Your task is to transcribe the entries below exactly, from their first line down to the line containing "Cheerful young man holding bowling ball.", and to stop there.

(Source records)
════════════════════

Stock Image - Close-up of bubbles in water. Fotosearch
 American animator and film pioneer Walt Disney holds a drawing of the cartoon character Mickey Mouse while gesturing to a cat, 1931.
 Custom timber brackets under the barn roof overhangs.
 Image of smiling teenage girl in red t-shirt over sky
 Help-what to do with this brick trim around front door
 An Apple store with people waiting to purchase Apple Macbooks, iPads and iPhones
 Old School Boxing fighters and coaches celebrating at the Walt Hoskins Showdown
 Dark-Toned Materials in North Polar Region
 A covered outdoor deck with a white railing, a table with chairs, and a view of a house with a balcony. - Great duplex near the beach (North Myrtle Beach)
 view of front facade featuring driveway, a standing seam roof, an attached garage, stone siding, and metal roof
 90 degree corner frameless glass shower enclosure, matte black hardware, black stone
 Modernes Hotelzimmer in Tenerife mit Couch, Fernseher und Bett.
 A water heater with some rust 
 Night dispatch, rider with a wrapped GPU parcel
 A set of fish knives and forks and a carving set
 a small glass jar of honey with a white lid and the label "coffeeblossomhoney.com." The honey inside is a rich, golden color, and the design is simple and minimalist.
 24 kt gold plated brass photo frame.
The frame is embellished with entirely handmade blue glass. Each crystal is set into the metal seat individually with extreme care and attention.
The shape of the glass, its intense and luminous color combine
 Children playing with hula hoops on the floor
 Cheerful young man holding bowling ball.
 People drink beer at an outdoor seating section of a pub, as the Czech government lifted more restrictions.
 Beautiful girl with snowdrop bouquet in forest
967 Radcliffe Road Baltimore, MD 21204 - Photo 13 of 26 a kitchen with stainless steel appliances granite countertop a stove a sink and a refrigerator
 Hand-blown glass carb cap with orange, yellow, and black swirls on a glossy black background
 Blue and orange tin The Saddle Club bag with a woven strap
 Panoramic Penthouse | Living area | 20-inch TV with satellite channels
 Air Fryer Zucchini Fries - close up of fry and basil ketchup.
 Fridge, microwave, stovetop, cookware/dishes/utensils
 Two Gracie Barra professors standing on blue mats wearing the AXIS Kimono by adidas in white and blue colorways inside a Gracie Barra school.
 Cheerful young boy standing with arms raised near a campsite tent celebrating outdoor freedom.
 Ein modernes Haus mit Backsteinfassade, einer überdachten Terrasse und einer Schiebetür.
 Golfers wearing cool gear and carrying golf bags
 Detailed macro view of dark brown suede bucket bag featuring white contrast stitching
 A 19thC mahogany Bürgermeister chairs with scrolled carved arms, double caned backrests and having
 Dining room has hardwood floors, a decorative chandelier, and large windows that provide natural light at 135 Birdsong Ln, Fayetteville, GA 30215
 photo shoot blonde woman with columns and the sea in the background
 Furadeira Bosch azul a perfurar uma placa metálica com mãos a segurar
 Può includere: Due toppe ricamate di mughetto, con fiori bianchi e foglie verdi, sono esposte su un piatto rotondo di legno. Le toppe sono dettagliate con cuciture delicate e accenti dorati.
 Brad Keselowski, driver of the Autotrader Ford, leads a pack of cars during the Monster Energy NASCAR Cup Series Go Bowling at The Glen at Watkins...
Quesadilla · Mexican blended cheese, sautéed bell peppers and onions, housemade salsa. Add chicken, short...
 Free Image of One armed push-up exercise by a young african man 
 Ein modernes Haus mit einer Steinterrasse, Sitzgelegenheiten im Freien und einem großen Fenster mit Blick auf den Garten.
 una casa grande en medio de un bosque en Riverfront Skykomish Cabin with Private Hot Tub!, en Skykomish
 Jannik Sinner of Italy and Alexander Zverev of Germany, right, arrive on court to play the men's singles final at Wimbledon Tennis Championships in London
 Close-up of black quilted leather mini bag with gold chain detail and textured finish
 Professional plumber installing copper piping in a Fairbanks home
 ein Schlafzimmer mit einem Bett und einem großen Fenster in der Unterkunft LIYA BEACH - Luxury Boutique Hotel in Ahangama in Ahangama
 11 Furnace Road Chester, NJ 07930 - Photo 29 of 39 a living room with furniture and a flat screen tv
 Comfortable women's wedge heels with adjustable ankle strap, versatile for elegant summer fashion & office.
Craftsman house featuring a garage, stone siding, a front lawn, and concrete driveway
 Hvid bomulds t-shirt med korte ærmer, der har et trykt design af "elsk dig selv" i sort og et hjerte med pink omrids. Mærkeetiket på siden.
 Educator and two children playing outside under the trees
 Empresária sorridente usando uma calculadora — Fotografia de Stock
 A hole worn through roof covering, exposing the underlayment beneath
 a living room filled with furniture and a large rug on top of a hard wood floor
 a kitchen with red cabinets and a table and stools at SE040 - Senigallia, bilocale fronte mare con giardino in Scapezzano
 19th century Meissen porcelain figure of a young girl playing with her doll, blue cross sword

════════════════════

RESULT:
Stock Image - Close-up of bubbles in water. Fotosearch
 American animator and film pioneer Walt Disney holds a drawing of the cartoon character Mickey Mouse while gesturing to a cat, 1931.
 Custom timber brackets under the barn roof overhangs.
 Image of smiling teenage girl in red t-shirt over sky
 Help-what to do with this brick trim around front door
 An Apple store with people waiting to purchase Apple Macbooks, iPads and iPhones
 Old School Boxing fighters and coaches celebrating at the Walt Hoskins Showdown
 Dark-Toned Materials in North Polar Region
 A covered outdoor deck with a white railing, a table with chairs, and a view of a house with a balcony. - Great duplex near the beach (North Myrtle Beach)
 view of front facade featuring driveway, a standing seam roof, an attached garage, stone siding, and metal roof
 90 degree corner frameless glass shower enclosure, matte black hardware, black stone
 Modernes Hotelzimmer in Tenerife mit Couch, Fernseher und Bett.
 A water heater with some rust 
 Night dispatch, rider with a wrapped GPU parcel
 A set of fish knives and forks and a carving set
 a small glass jar of honey with a white lid and the label "coffeeblossomhoney.com." The honey inside is a rich, golden color, and the design is simple and minimalist.
 24 kt gold plated brass photo frame.
The frame is embellished with entirely handmade blue glass. Each crystal is set into the metal seat individually with extreme care and attention.
The shape of the glass, its intense and luminous color combine
 Children playing with hula hoops on the floor
 Cheerful young man holding bowling ball.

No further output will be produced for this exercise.